Frau Bieg, wie würden Sie jemandem, der noch nie davon gehört hat, erklären, was die Erzählzeit ist?

Die Erzählzeit ohne Grenzen ist ein deutsch-schweizerisches Literaturfestival, bei dem alljährlich bekannte und noch nicht so bekannte Autorinnen und Autoren aus Deutschland, der Schweiz und Österreich in Singen, Schaffhausen und in vielen weiteren Gemeinden dies- und jenseits der Grenze ihre aktuellen Romane präsentieren. Das Festival wird von einem binationalen Team aus den beiden Partnerstädten kuratiert und organisiert – dieses grenzüberschreitende, dezentrale Konzept ist weit und breit einmalig.

Was ist bei der diesjährigen Erzählzeit anders als in den Jahren zuvor?

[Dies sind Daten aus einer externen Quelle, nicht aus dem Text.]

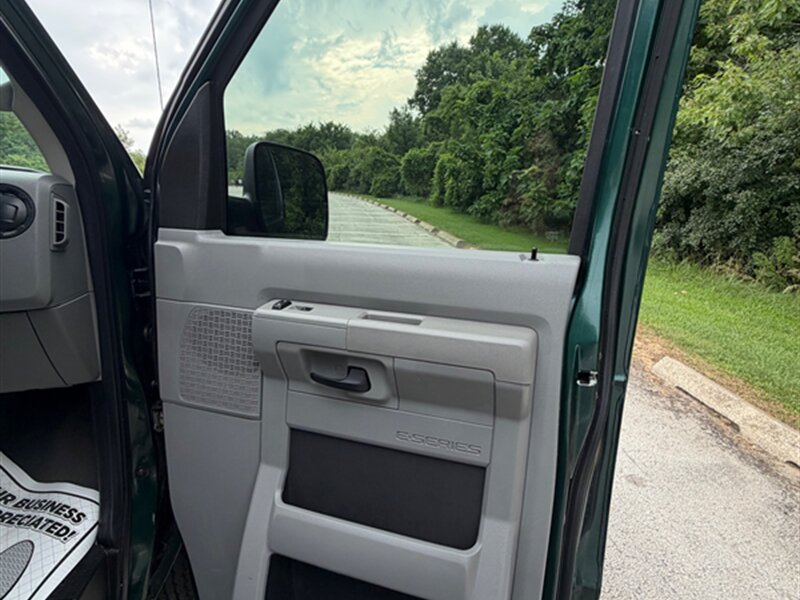 2009 Ford E-150 XL - Photo 21 - Midlothian, IL 60445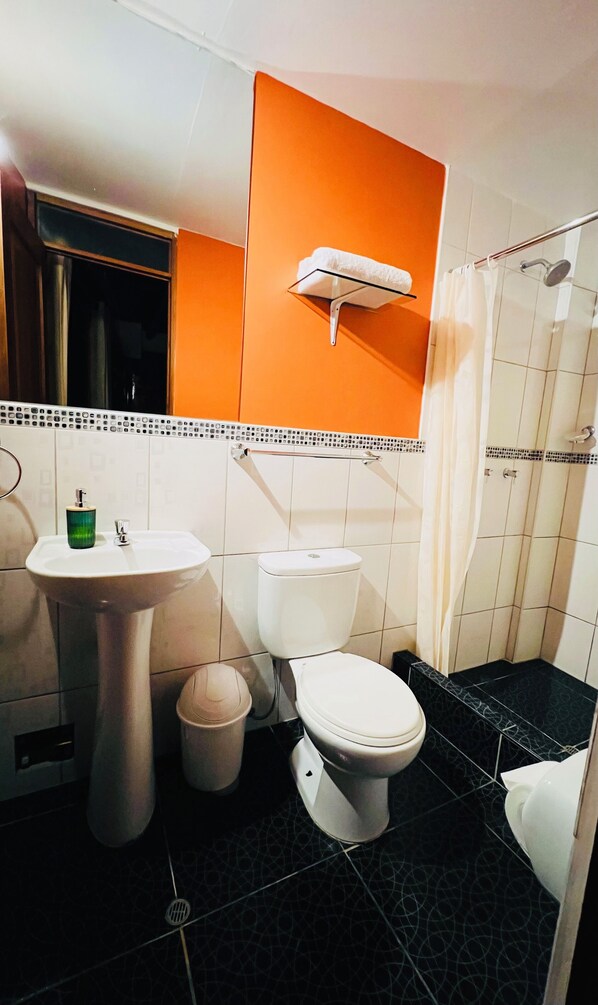 A bathroom with a sink, toilet, and shower. - Sara Garden Lodge (Ollantaytambo)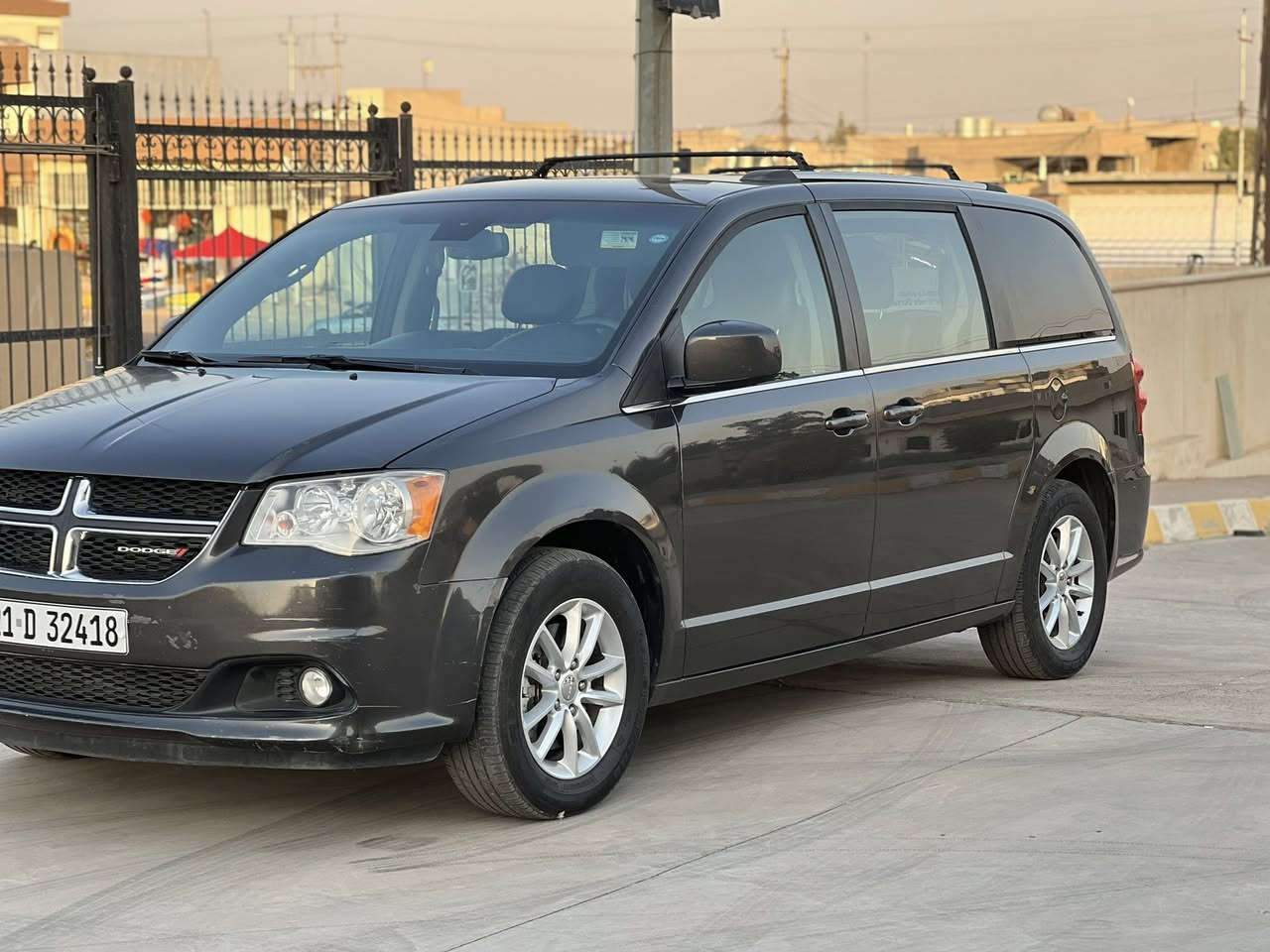 سلام عليكم دوج كرفان للبيع موديل 2019محرك ما مفتوح بل شرط كير مفتوح سياره بي 3قطع صبغ سنويه جديد كوبون بانزين موجود شرط تحويل غرامه موصفات باب كهربائي صندوك كهرباء مكان سياره كركوك نتعذر عل مراوسه اني مكلف بل نشر خابر صاحب سياره  ***********سعر 160بي مجال
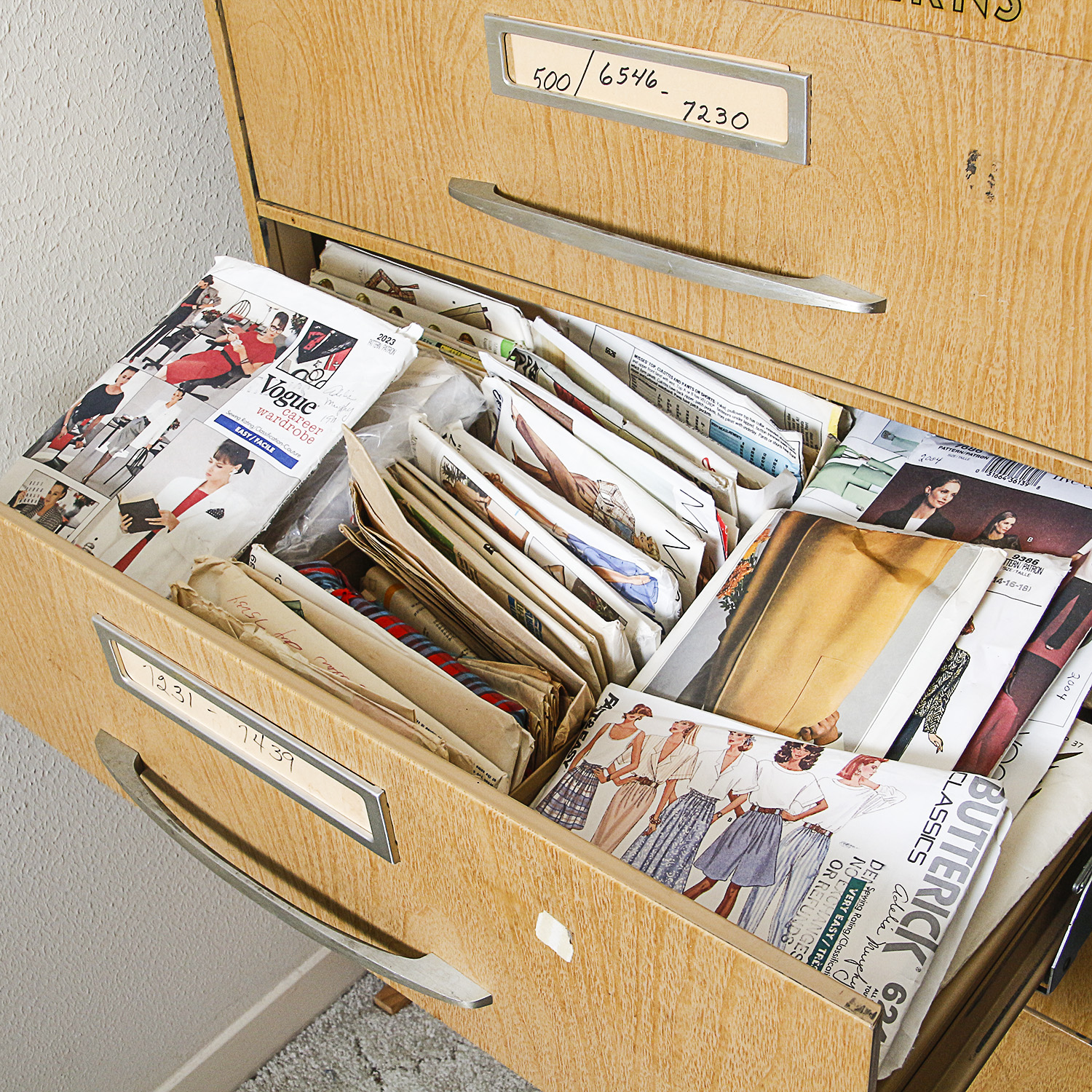 Vintage Metal File by McCall's with Clothing Pattern Packets EBTH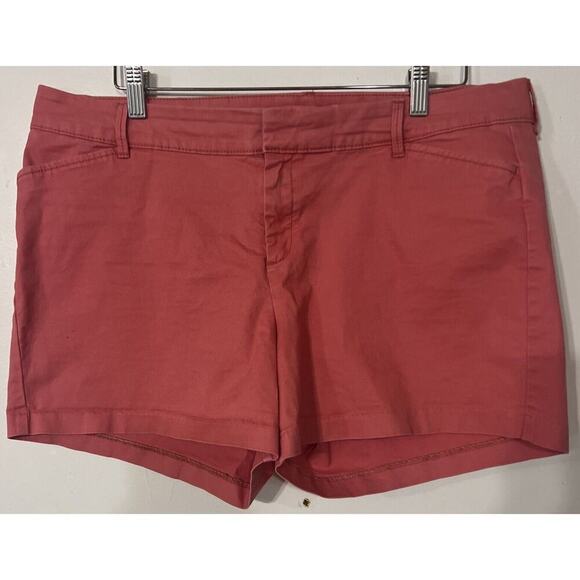 EUC Old Navy womens pink Pixie flat front 3.5" inseam chino shorts - size 14 - Picture 1 of 4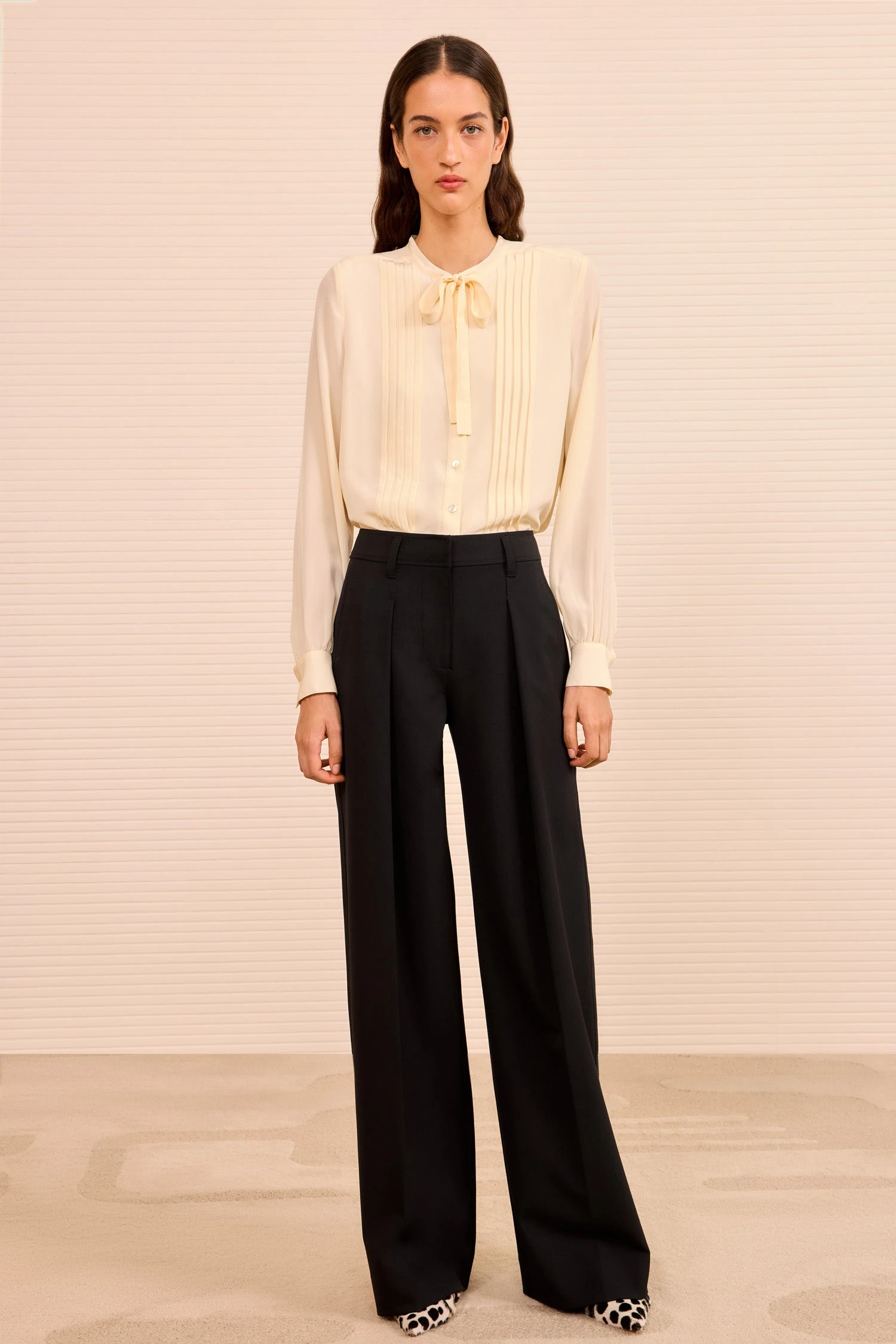 ULLA JOHNSON Mitchell Wide Leg Trouser - Noir 3 ULLA JOHNSON Mitchell Wide Leg Trouser - Noir - Image 3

Mit Flurlingen (CH), Öhningen und Blumberg sind dieses Jahr gleich drei neue Gemeinden dabei. Und dieses Jahr teile ich mir die Programmleitung erstmals mit Oliver Thiele, dem Leiter der Stadtbibliothek Schaffhausen. Ansonsten hat sich das Konzept der Erzählzeit ohne Grenzen in den letzten Jahren einfach zu gut bewährt, um etwas daran zu ändern. Also, die Idee, Literatur nicht nur in den städtischen Zentren anzubieten, sondern sie zu den Menschen in unserer Region zu bringen, auch in die kleinen und kleinsten Orte. Das macht die Erzählzeit so besonders, und das bleibt auch bei der zehnten Ausgabe so.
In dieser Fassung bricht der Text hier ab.